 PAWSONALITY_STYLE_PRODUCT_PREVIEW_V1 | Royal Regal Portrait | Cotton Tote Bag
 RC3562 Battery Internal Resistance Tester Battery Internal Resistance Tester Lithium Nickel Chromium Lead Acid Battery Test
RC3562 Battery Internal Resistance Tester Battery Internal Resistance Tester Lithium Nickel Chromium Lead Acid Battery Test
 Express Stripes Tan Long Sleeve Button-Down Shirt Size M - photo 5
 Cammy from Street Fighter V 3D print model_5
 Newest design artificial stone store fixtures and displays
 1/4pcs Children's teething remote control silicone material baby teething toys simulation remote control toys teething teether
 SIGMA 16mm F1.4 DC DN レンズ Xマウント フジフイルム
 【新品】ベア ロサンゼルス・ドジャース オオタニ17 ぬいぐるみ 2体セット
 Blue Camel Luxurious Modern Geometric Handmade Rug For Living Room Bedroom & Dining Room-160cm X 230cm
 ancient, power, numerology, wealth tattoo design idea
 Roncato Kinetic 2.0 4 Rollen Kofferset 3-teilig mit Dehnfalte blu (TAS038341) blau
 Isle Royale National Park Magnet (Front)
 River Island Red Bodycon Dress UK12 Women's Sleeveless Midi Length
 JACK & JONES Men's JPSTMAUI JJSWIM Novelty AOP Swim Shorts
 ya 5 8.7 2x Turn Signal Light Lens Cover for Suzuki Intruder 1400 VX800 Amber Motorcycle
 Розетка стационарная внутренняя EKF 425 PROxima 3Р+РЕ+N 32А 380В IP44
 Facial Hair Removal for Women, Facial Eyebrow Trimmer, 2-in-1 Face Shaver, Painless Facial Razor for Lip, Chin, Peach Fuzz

+++

§ WORK INSTRUCTIONS
All of the material, restated exactly, is the expected result.

§ YOUR SOLUTION
 PAWSONALITY_STYLE_PRODUCT_PREVIEW_V1 | Royal Regal Portrait | Cotton Tote Bag
 RC3562 Battery Internal Resistance Tester Battery Internal Resistance Tester Lithium Nickel Chromium Lead Acid Battery Test
RC3562 Battery Internal Resistance Tester Battery Internal Resistance Tester Lithium Nickel Chromium Lead Acid Battery Test
 Express Stripes Tan Long Sleeve Button-Down Shirt Size M - photo 5
 Cammy from Street Fighter V 3D print model_5
 Newest design artificial stone store fixtures and displays
 1/4pcs Children's teething remote control silicone material baby teething toys simulation remote control toys teething teether
 SIGMA 16mm F1.4 DC DN レンズ Xマウント フジフイルム
 【新品】ベア ロサンゼルス・ドジャース オオタニ17 ぬいぐるみ 2体セット
 Blue Camel Luxurious Modern Geometric Handmade Rug For Living Room Bedroom & Dining Room-160cm X 230cm
 ancient, power, numerology, wealth tattoo design idea
 Roncato Kinetic 2.0 4 Rollen Kofferset 3-teilig mit Dehnfalte blu (TAS038341) blau
 Isle Royale National Park Magnet (Front)
 River Island Red Bodycon Dress UK12 Women's Sleeveless Midi Length
 JACK & JONES Men's JPSTMAUI JJSWIM Novelty AOP Swim Shorts
 ya 5 8.7 2x Turn Signal Light Lens Cover for Suzuki Intruder 1400 VX800 Amber Motorcycle
 Розетка стационарная внутренняя EKF 425 PROxima 3Р+РЕ+N 32А 380В IP44
 Facial Hair Removal for Women, Facial Eyebrow Trimmer, 2-in-1 Face Shaver, Painless Facial Razor for Lip, Chin, Peach Fuzz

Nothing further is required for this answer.